VAT and indirect tax |
26 February 2021
This article will provide you with an update on new VAT rules that will impact companies who sell goods (online) to consumers in the EU.
As of July 2021, new VAT rules will enter into force in the EU. If a company sell goods (online) to consumers in the EU, the new rules will most likely have an impact on their business.
How does it work?
The current distance selling scheme will change. Supply of goods to consumers (B2C) in the EU are currently subject to VAT in the country of arrival of the goods as soon as the respective distance selling (turnover) threshold has been exceeded in that EU country. The supplier must collect local VAT and pay this VAT to the respective local tax authorities. As a result, 27 different VAT rates may have to be applied and VAT invoicing requirements from 27 EU countries have to be considered. Last but not least, this leads to local VAT registrations and reporting obligations.

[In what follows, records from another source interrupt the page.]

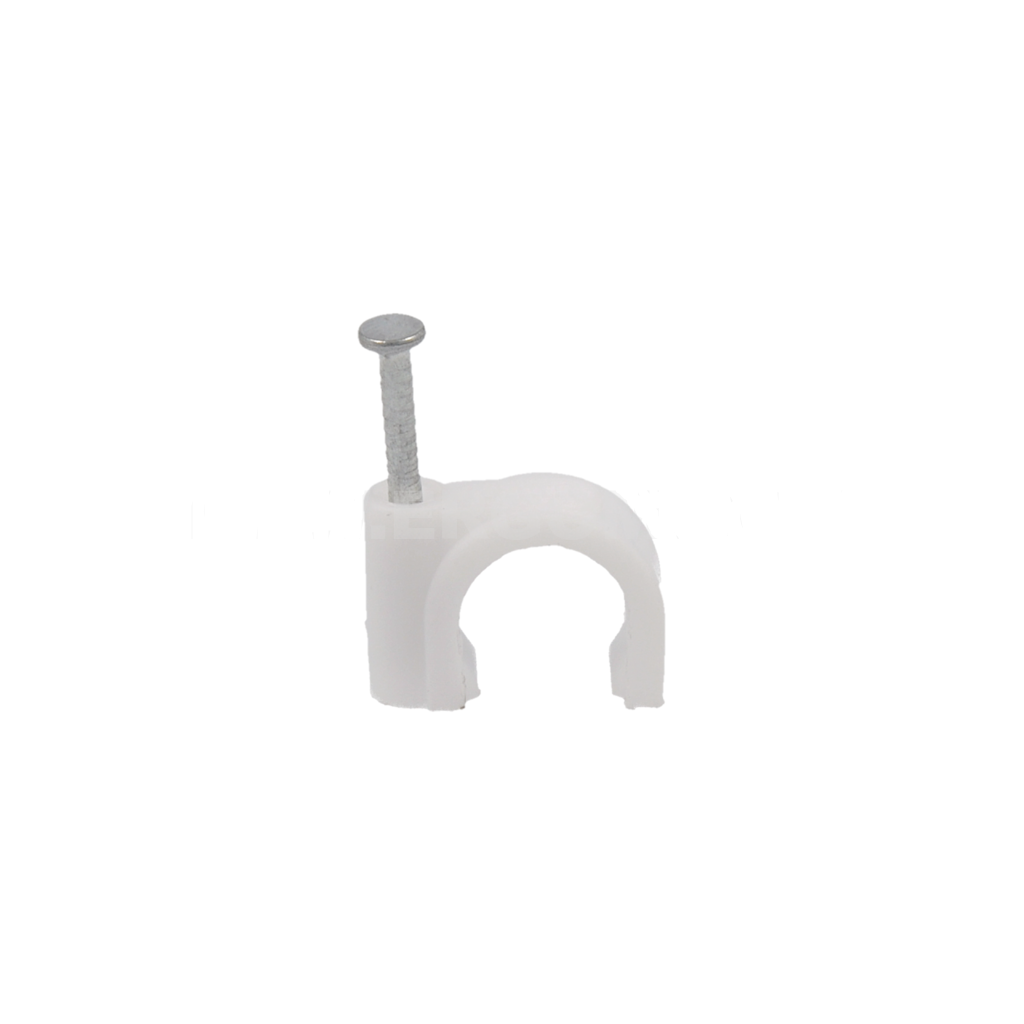 Obujmica UG10 10mm 100/1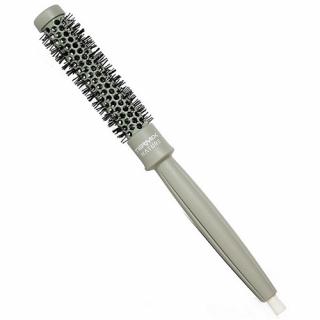TERMIX PROFESSIONAL NATURE SZCZOTKA CERAMICZNA DO MODELOWANIA WŁOSÓW 23 MM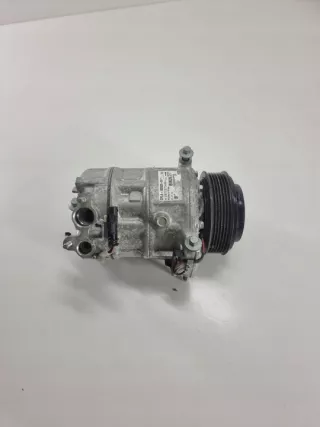 087337068B4 Компрессор кондиционера Jaguar E-PACE Арт e12577804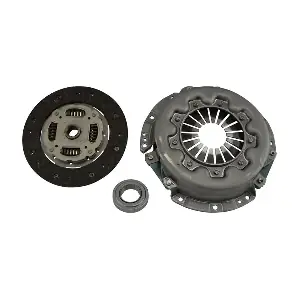 CP-2062 KAVO PARTS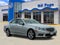 2013 Mercedes-Benz E-Class E 350 4MATIC®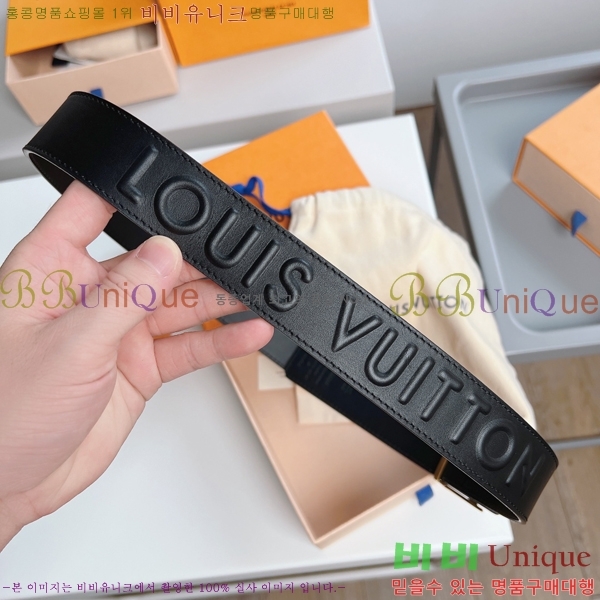 #���̺��� ��Ʈ 16L23719-5 �� 3.5cm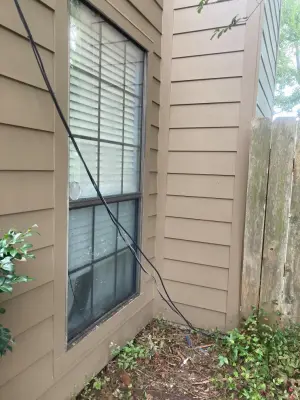 Carbon Construction LLC - House Painting Services in Broussard, LA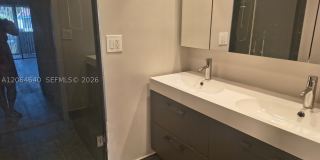 7001 Loch Isle Dr S Gallery 5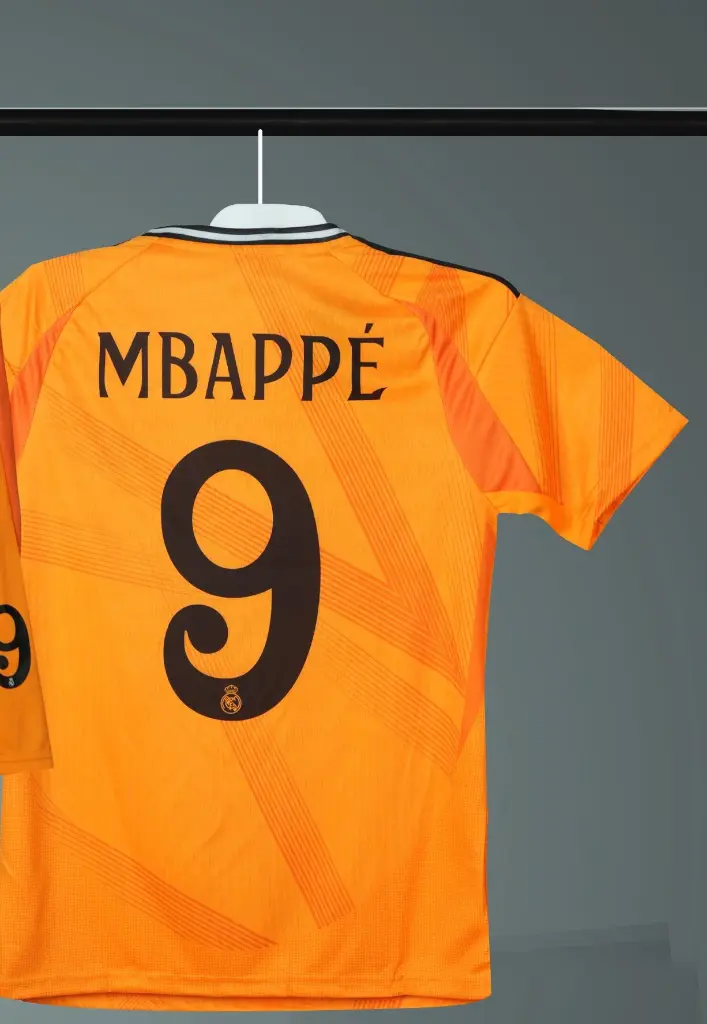 3.webp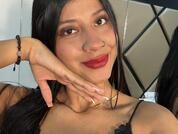 LauraRibeiro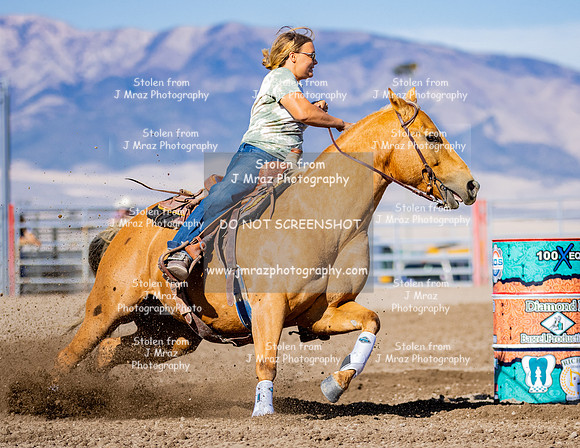 DiamondD-Sept2024-Open-JMrazPhotography-151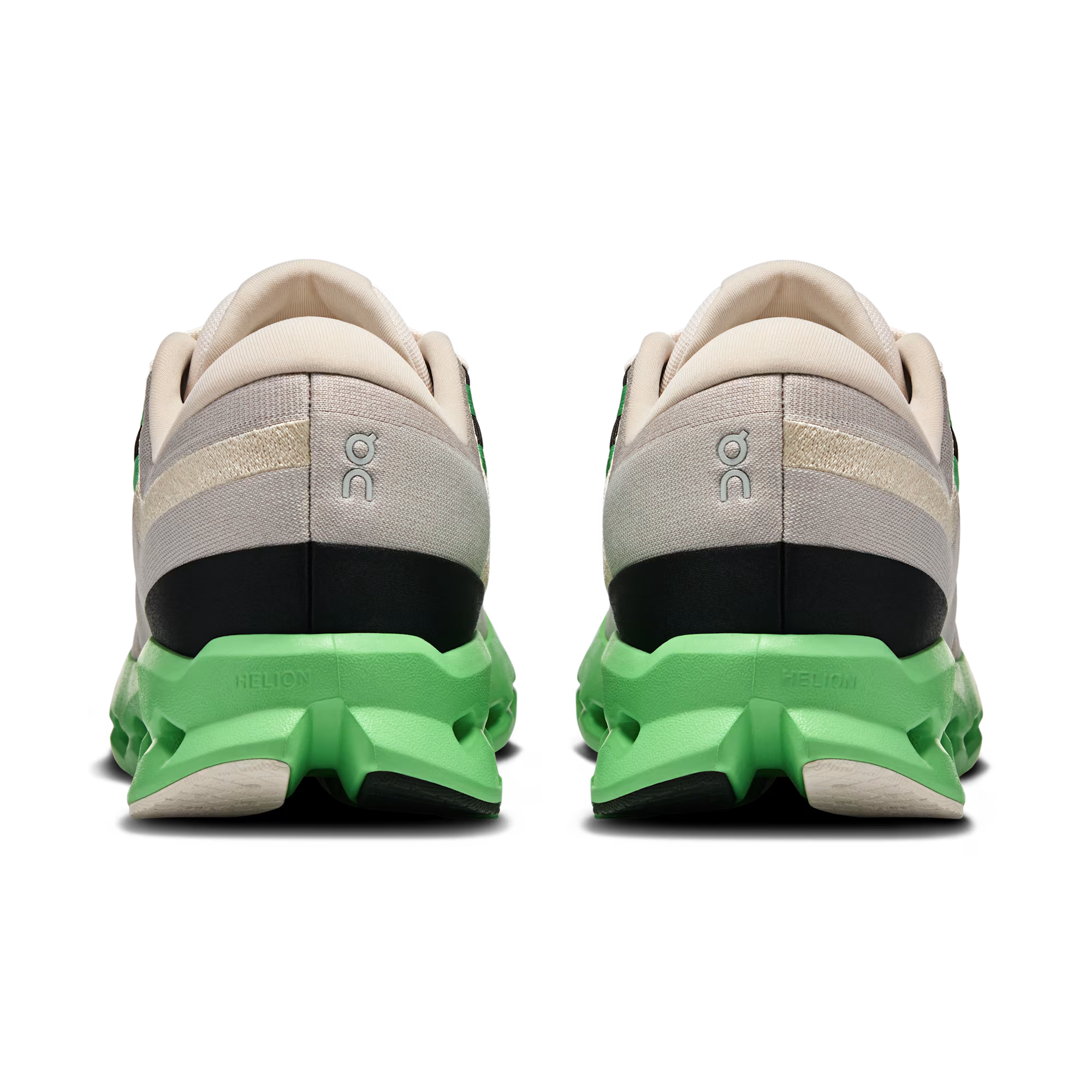 On Men's CloudSurfer 2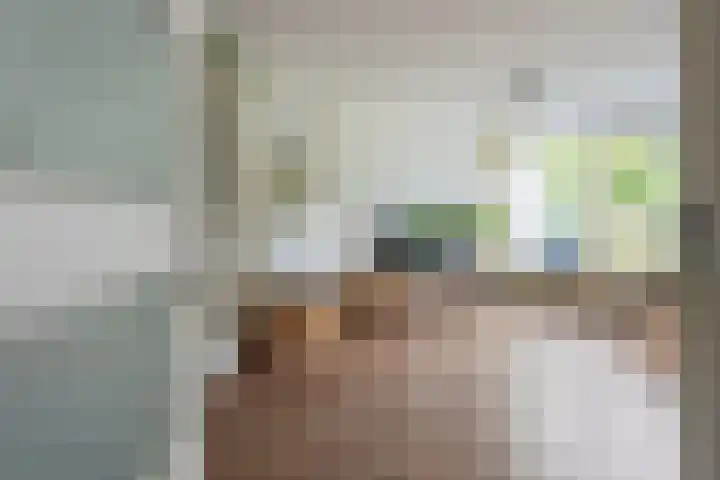 Wethouder Hamsterlaan 5 Leek thumbnail 10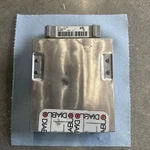 87-93 Ford Mustang 5.0 Mass Air A9L Ecu Computer Oem Manual Transmission. Fixed Price $375.00.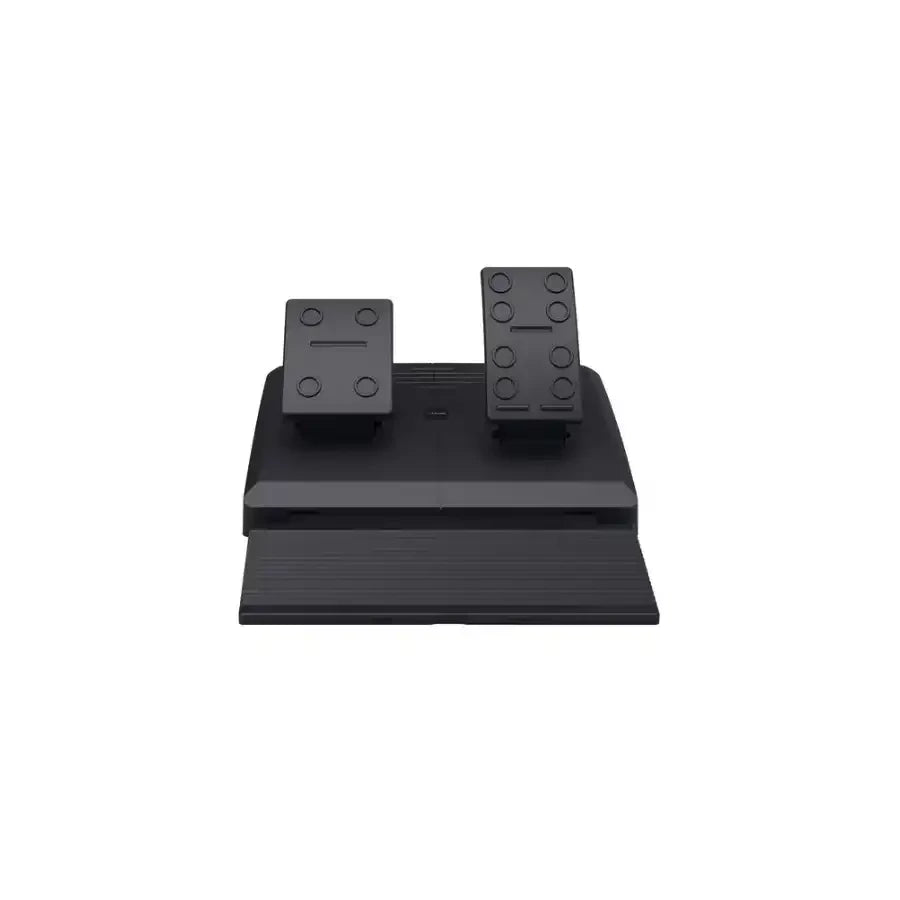 Trust GXT 289 Movi gaming volan PC PS4 XBOX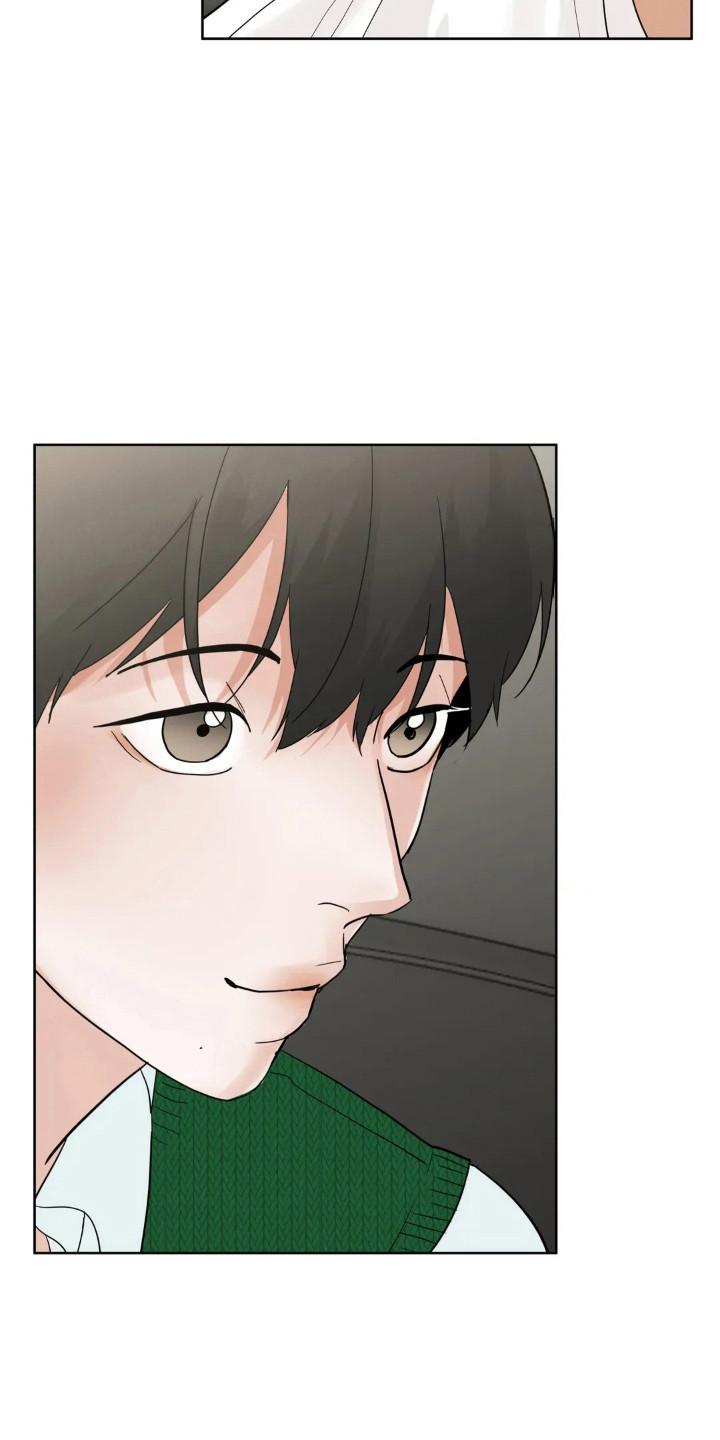 《邻居攻略》第156章：【第四季】仔细询问 第8页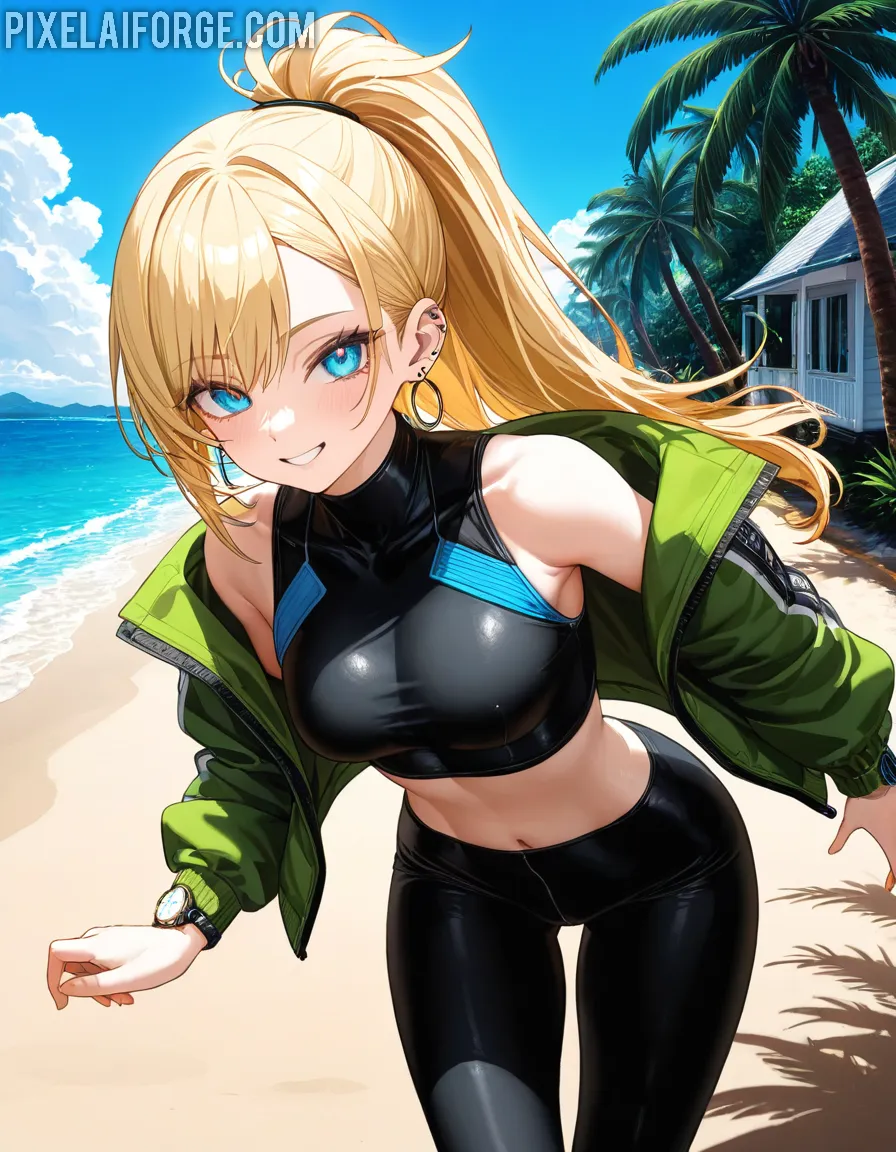 Motivacion-Con-Anllela-Sagra_6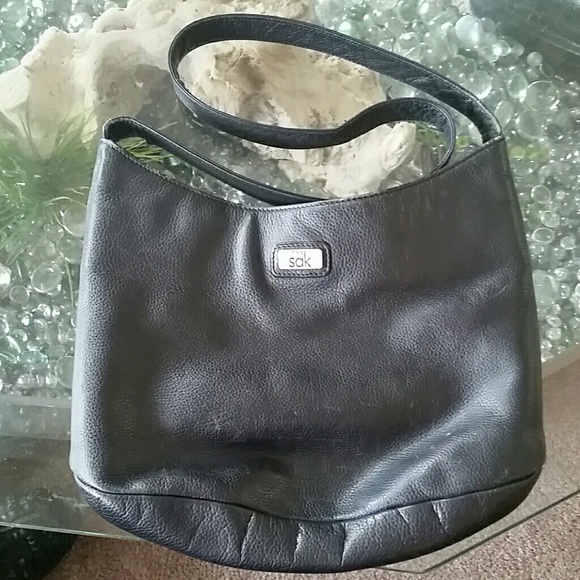 Tote - Picture 2 of 4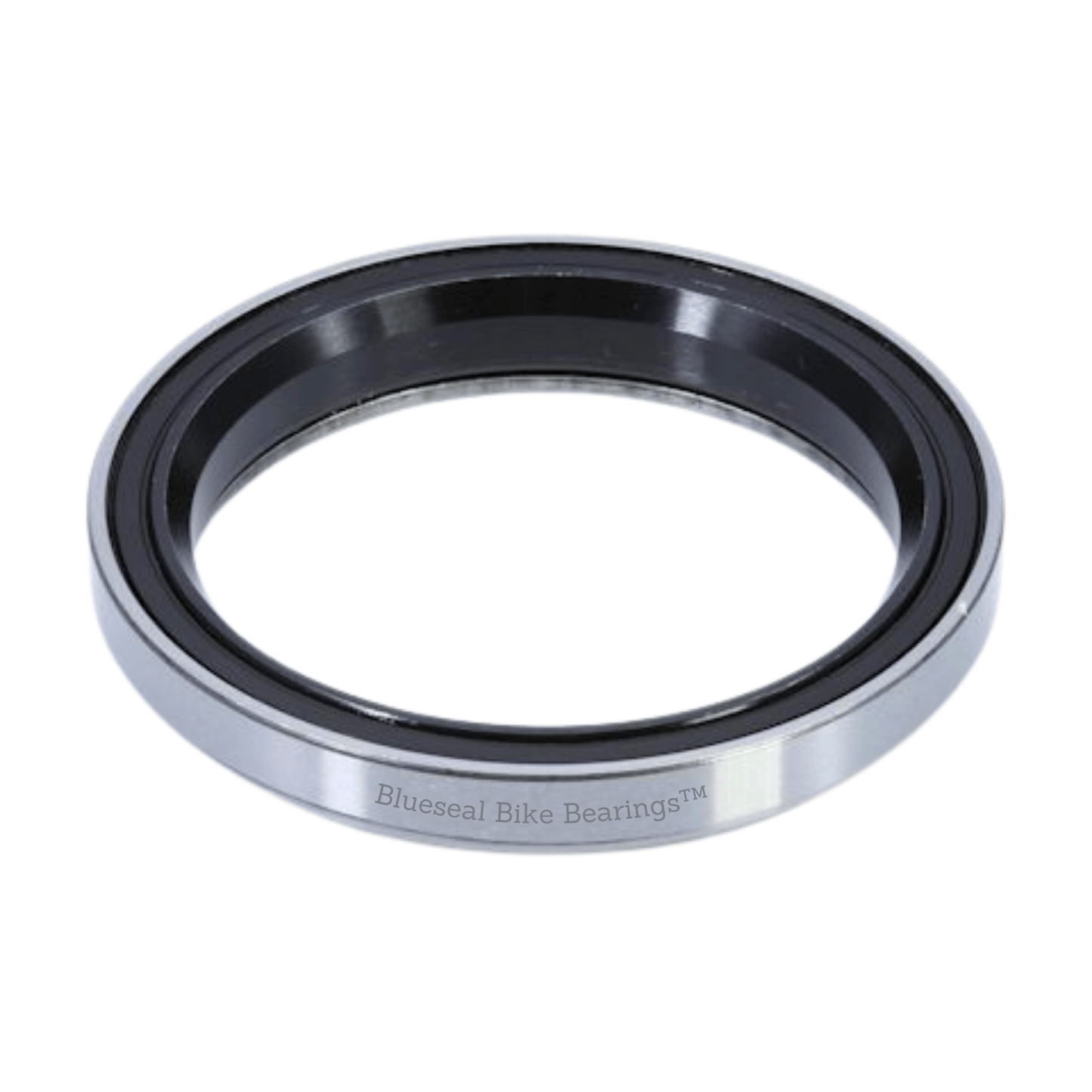 ACB518K (TH073 MR019 MR127) 40 x 51.8 x 8mm 36/45 | Blueseal Bike Bearings™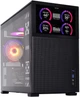 Комп'ютер ARTLINE Gaming D31 (D31v35) - зображення 1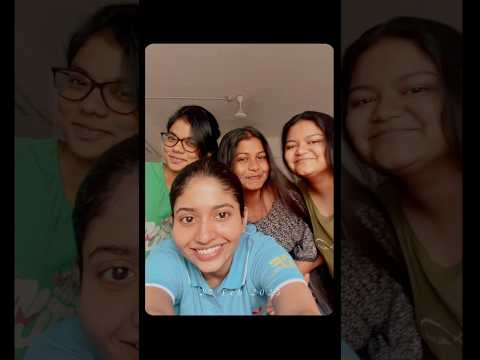 Random mini vlog | Techfest 2025| #collgelife #girlbestie | BC Roy Engineering college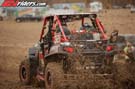 maxc-10-adult-utv-6443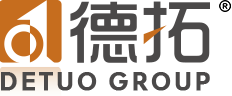 Detuo Group (Nanjing) Co., Ltd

In order to simplify the rules and reduce the corresponding administrative burden, a reporting system will be implemented as of July 2021 for EU B2C sales. This system is called the One Stop Shop (‘OSS’).
The OSS-system
As of the implementation of the new VAT rules and the OSS per 1 July 2021, the current distance selling scheme will change as follows:
- The current distance sales thresholds of the EU countries will be cancelled. A new, EU-wide, threshold of €10,000 per year will apply.
- If the yearly turnover exceeds this threshold, local VAT (of all the different EU countries) is due and should be remitted to the EU country of identification, either via the OSS or via local VAT registrations.
- By applying the OSS, it may be possible to limit the EU VAT registrations to one registration in an EU country of your choice.
We note that one is not obliged to apply the OSS. It remains a possibility to have different local EU VAT registrations in place. Both EU and non-EU entities can apply the OSS. However, it might be that countries implement local legislation forcing non-EU entities to appoint a VAT fiscal representative in order to benefit from the OSS.
B2C sales of goods imported from outside the EU
EU distance sales of goods imported from non-EU countries up to a value of €150 will be covered by the import scheme (I-OSS). In order to apply the I-OSS it is required to obtain a special I-OSS registration number. In combination with the implementation of the I-OSS, the VAT exemption for goods in a small consignment of a value of up to €22 will be abolished as of 2021.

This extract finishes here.